In ESE, interleaving rows of matrix elements are assigned to MAC units in the PE array and the MxV is computed column by column. To balance the workload and exploit weight sparsity better, the network weight matrix is pruned so that the number of nonzero elements assigned to each MAC unit is the same for the whole matrix. activation buffers (BUF) are required for MAC units, which immediately execute operations when nonzero activations and weights are available.
BBS balances the workload using structured pruning. Rows of a weight matrix are split into banks of equal length. Their pruning method forces the numbers of nonzero values to be the same across all banks. By assigning the same number of row banks to each MAC unit in the PE array, the workload is balanced. As shown on the right side of Fig. 12, each row of the matrix is equally divided into two banks respectively for MAC 0 and MAC 1 and the computation is done row by row.
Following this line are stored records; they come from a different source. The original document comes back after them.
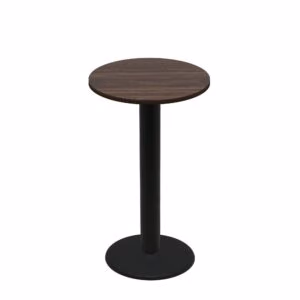 30" Round Two-Sided Oak/Walnut Quick Ship Table - Walnut Up + Black Bar Height 22" Disc Base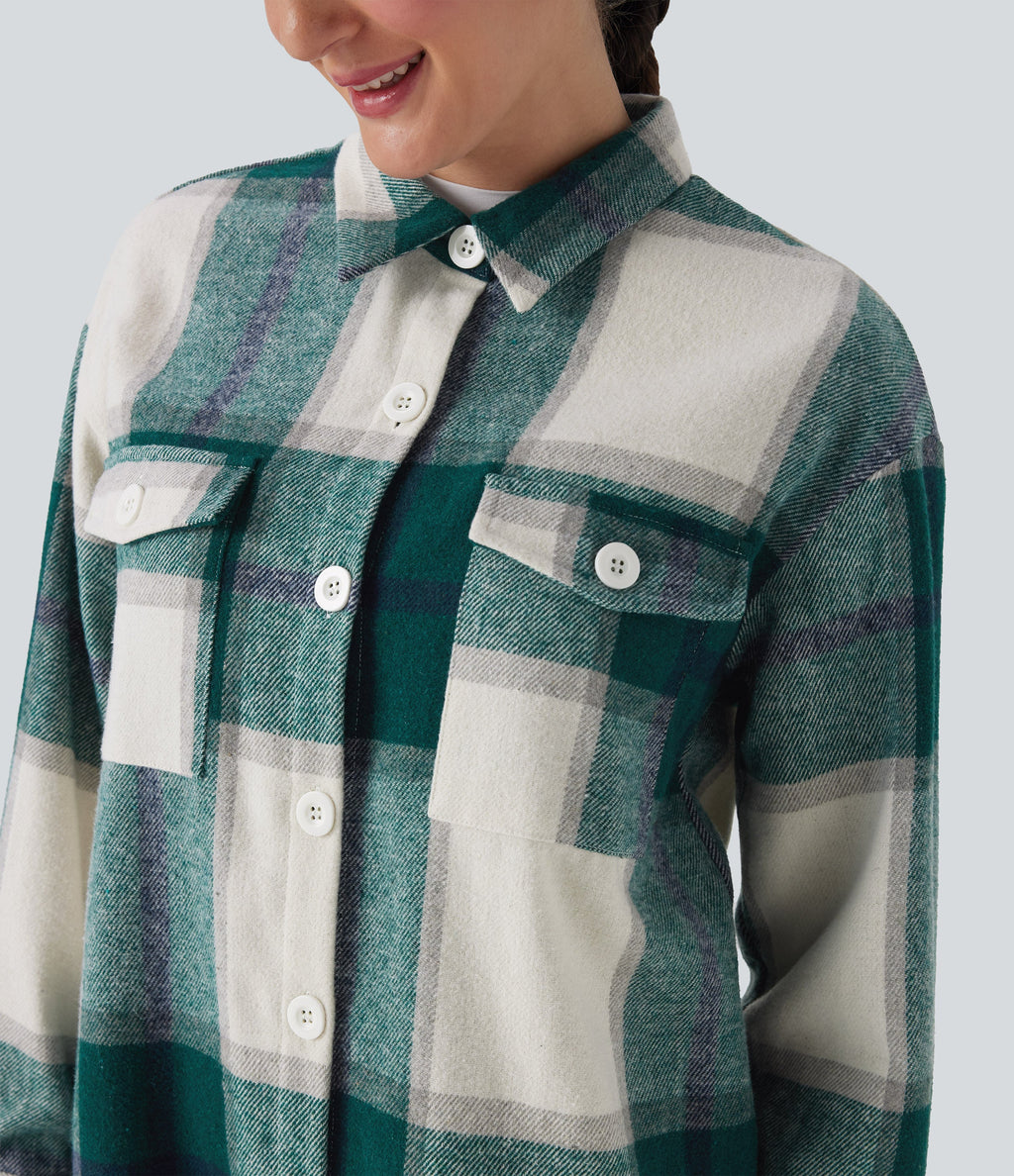 Plaid Curved Hem Longline Casual Jacket with Pockets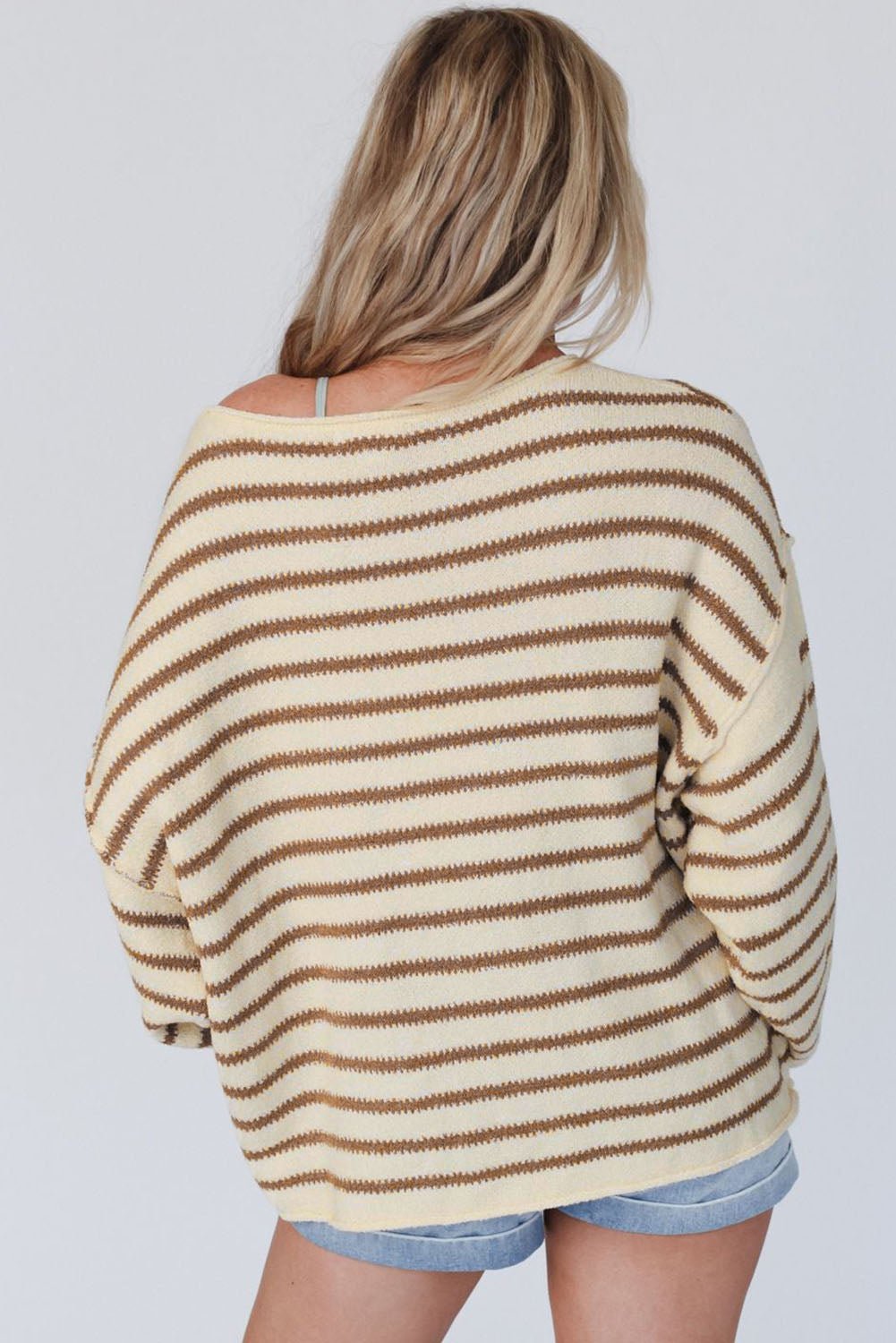 Boat Neck Long Sleeve Striped Sweater - Fashion Girl Online Store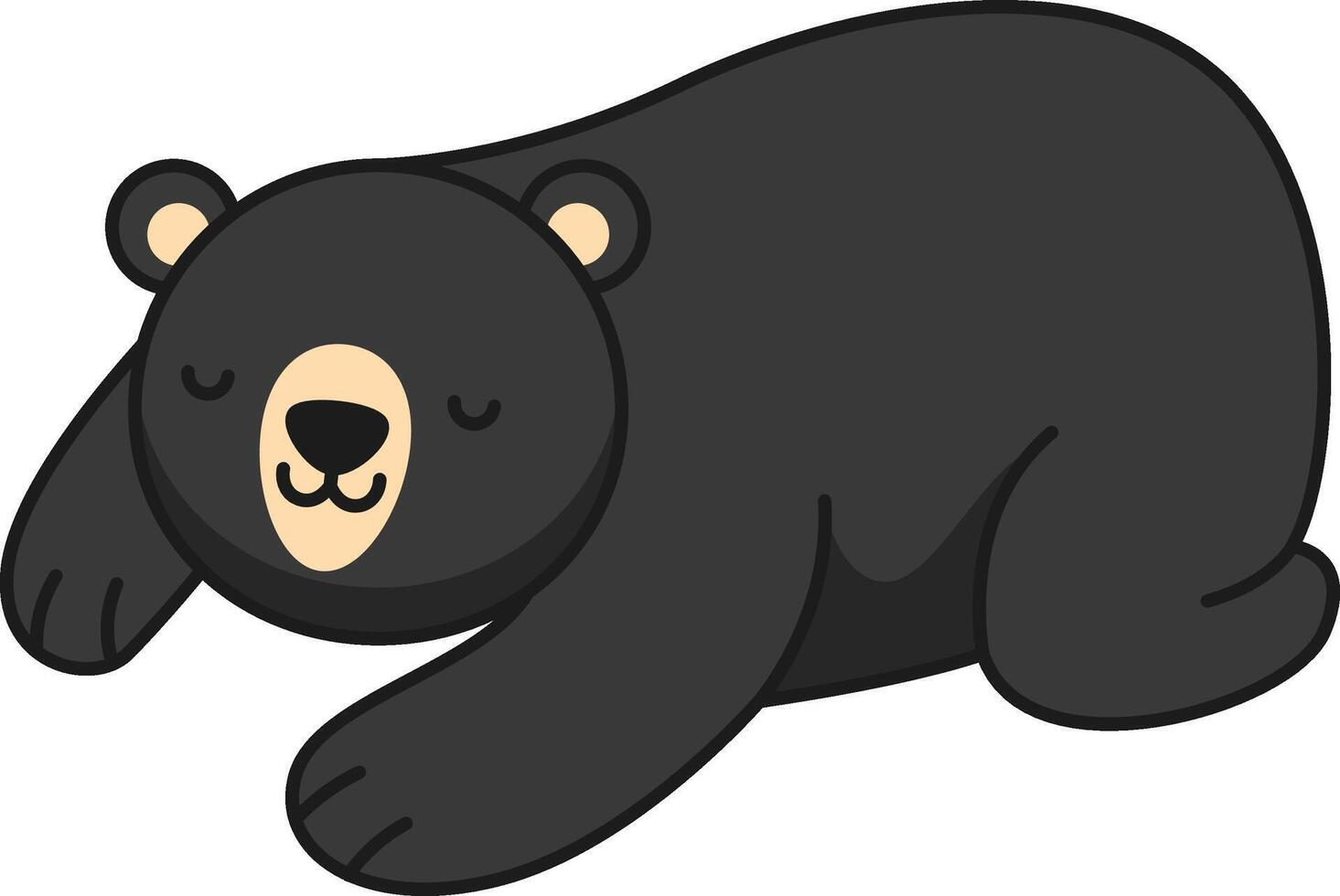tekenfilm zwart beer illustratie vector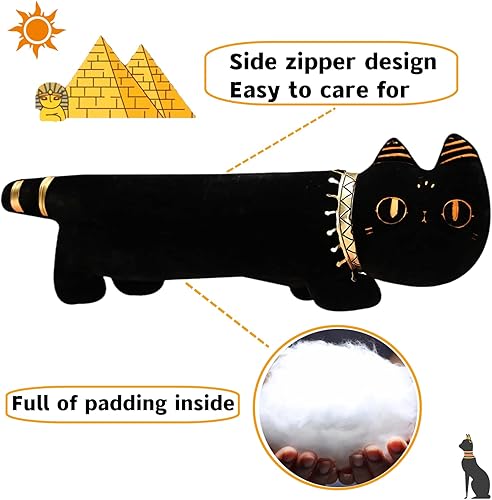 Miniatura 4 de Juguetes largos de peluche de gato largo, lindas almohadas largas de gato blanconegro, almohada de felpa súper suave de gato de dibujos animados,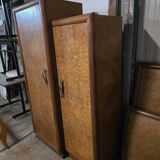 Art deco wardrobe in elm burl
In this case, each MAC receives different activation elements and BUFs are required for MAC units. BBS also supports the buffering of a partial weight matrix on-chip to enhance throughput, which is useful for large FPGA platforms. The reported batch-1 throughput of BBS in Table VI is obtained with all network parameters on-chip, which is not practical on a small FPGA platform like MiniZed that has only 0.2 MB on-chip memory.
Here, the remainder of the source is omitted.